Railway line in northern Sweden

The Iron Ore Line (Malmbanan) is a 398 km long railway line between Riksgränsen and Boden in Norrbotten County, Sweden, owned by Trafikverket (the Swedish Transport Administration). The line also contains two branches, from Kiruna to Svappavaara and from Gällivare to Koskullskulle. The term is often colloquially used to also include the Ofoten Line, from Riksgränsen to Narvik in Norway, and the northernmost part of the main line through Upper Norrland from Boden to Luleå. The railway from Narvik to Luleå is 473 km long.

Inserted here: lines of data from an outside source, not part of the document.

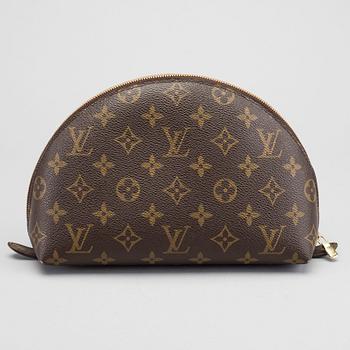 A LOUIS VUITTON COSMETIC POUCH.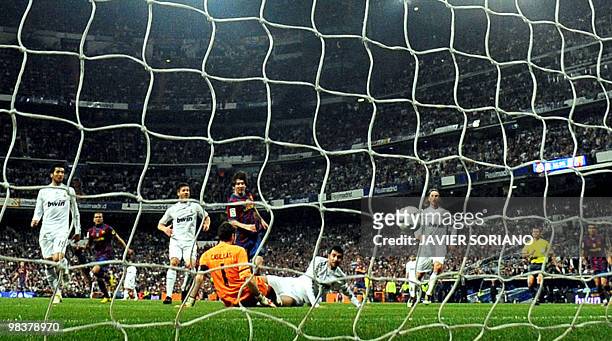 Barcelona's Argentinian forward Lionel Messi scores during the 'El Clasico' Spanish League football match Real Madrid against Barcelona at the...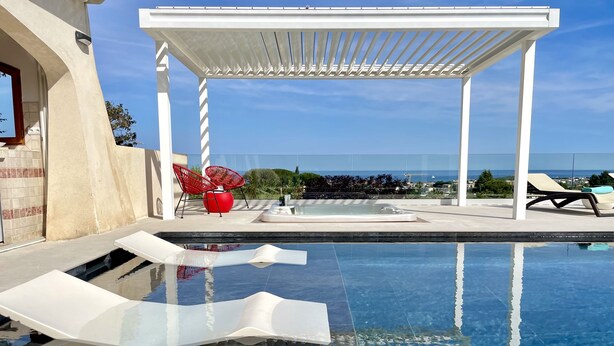 Ein moderner Poolbereich im Freien mit einer Pergola, Liegestühlen und Blick aufs Meer.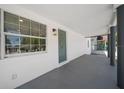 Inviting front porch showcasing a decorative door and window allowing ample natural light at 2930 W Arch St, Tampa, FL 33607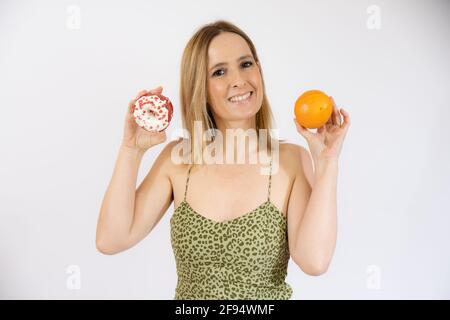 Donna felice che tiene in mano frutta arancione e ciambelle. Vita sana, dieta e concetto di nutrizione. Foto Stock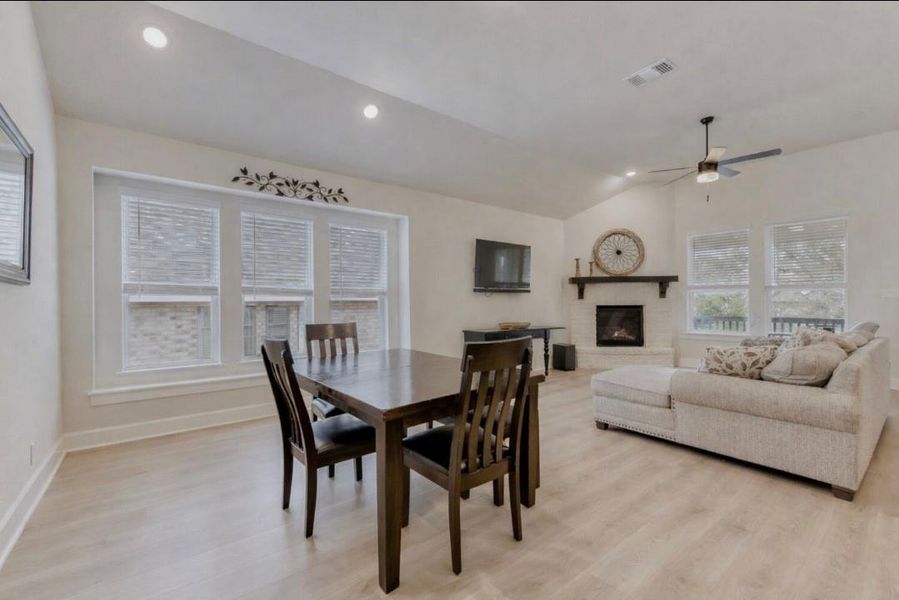 Dining area featuring a fireplace, lofted ceiling, light wood finished floors, a ceiling fan, and recessed lighting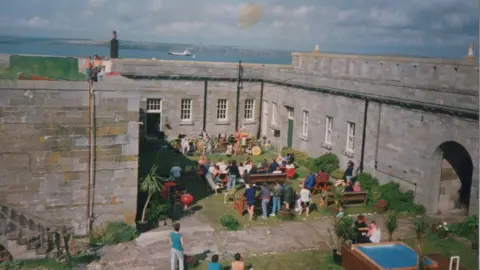 Mike Conner A group of people sit on benches in a courtyard, surrounded by large grey fortress walls. They are facing a band set up along the far wall. A small square plunge pool can be seen in the right hand corner. The  sea can be seen in the distance. 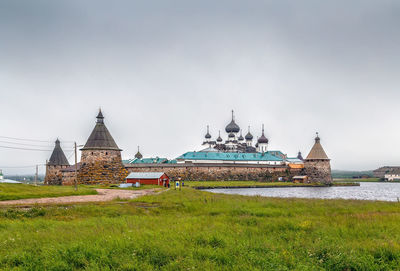 View of temple on building against sky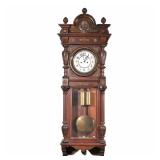 REGULATOR WALL CLOCK | White enameled face with Arabic numeral markers in a carved walnut case with 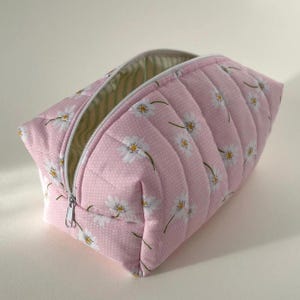 May include: A pink quilted cosmetic bag with a white daisy floral pattern and a white zip. The interior lining is striped in green and white. The bag is open, showing the inside.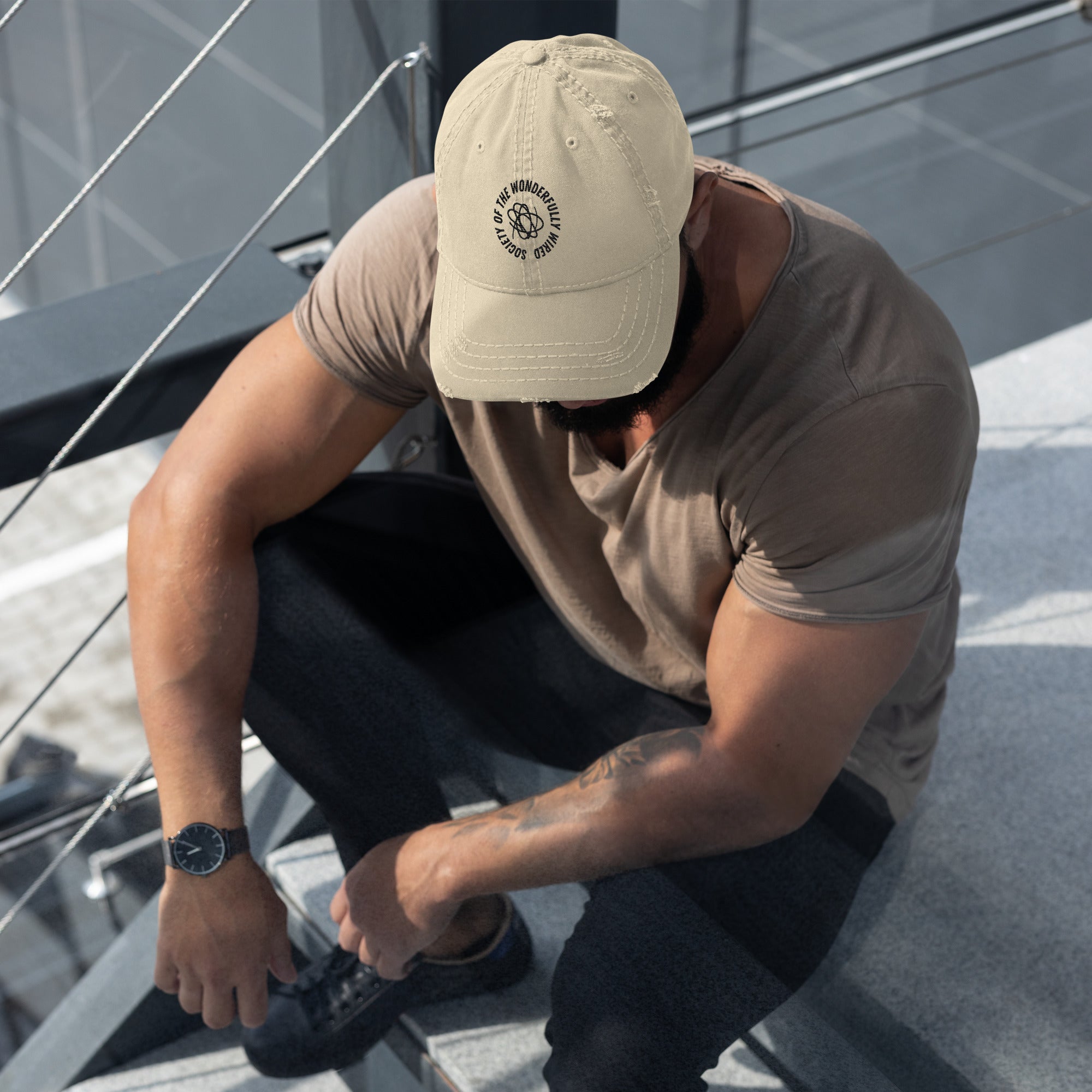 Image of a man wearing a cap with "society of the wornderfully wired" embroidered on it. Cap is beige.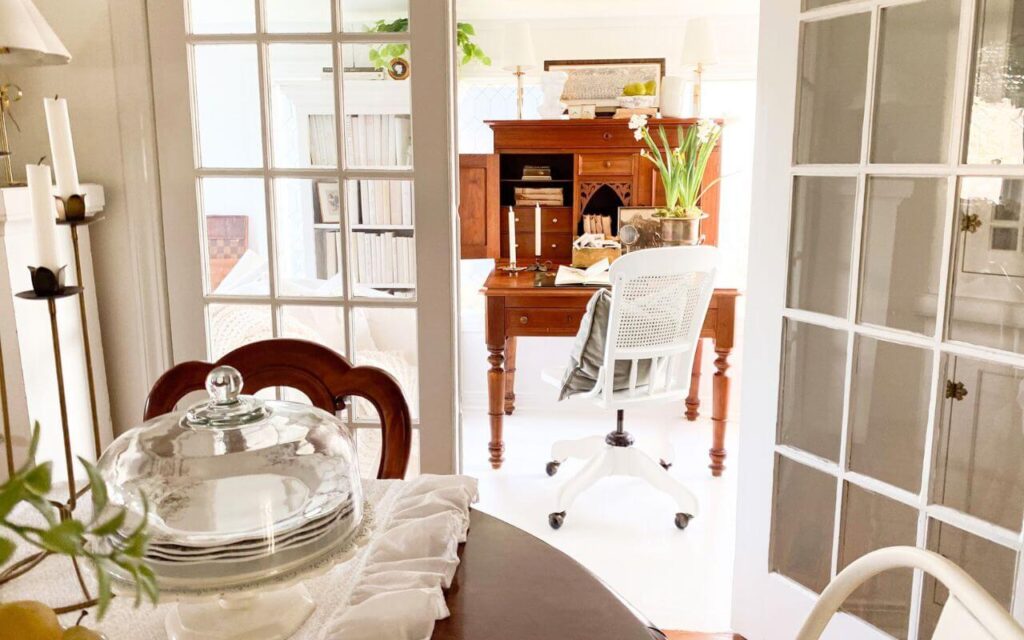 Small home library created in a sunroom with antique desk and bookcases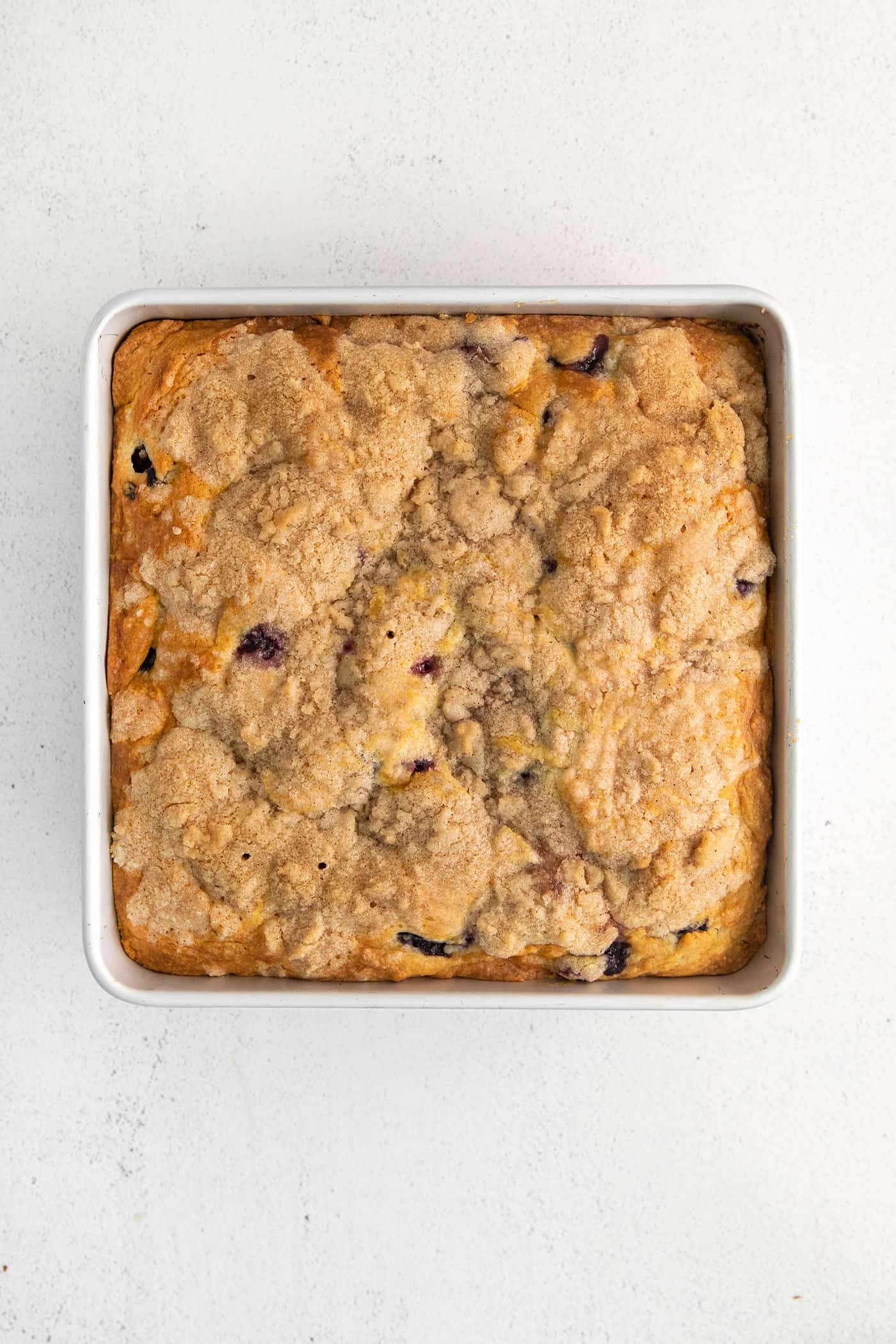 A freshly baked blueberry tea cake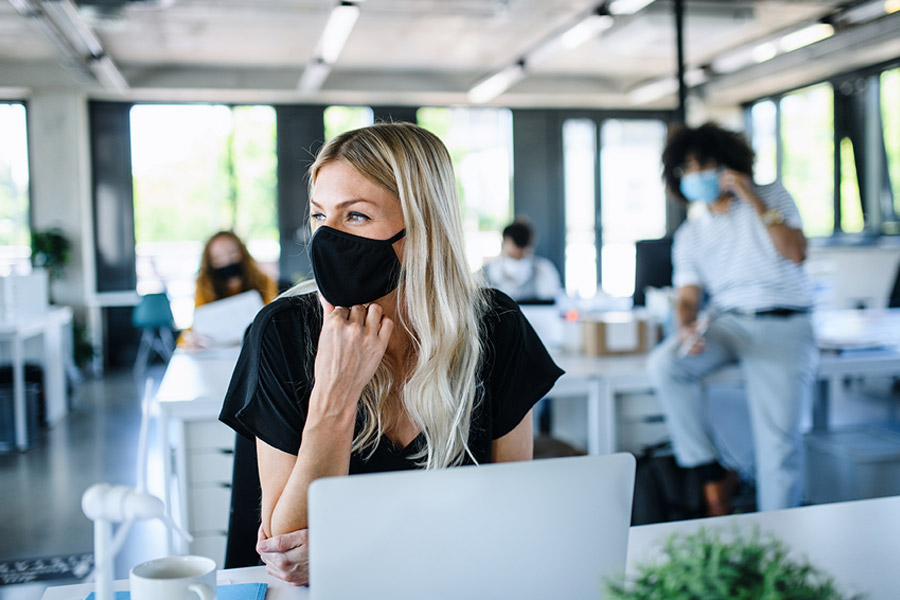 Woman in Mask Working at Desk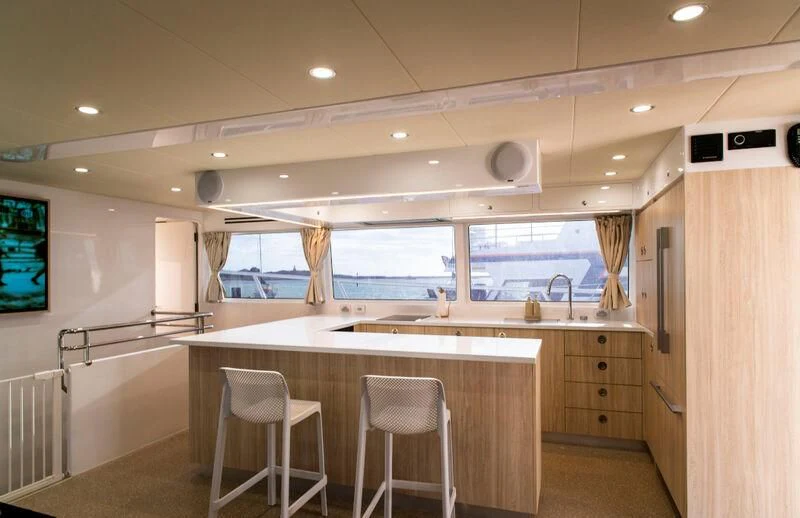 a kitchen with a counter and chairs aboard LA BELLA CHERIE Yacht for Sale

The line is dominated by the 8600 t ore freight trains operated by LKAB's subsidiary Malmtrafik from their mines to the Port of Narvik and the Port of Luleå. In addition, Vy Tåg operates passenger trains and CargoNet operates container freight trains. The Iron Ore Line is single track, electrified at and has a permitted axle load of 30 t. The Swedish part of the line is the northernmost railway in Sweden and the Norwegian part outside Narvik is the northernmost railway in the whole of Western Europe at 68.452°N.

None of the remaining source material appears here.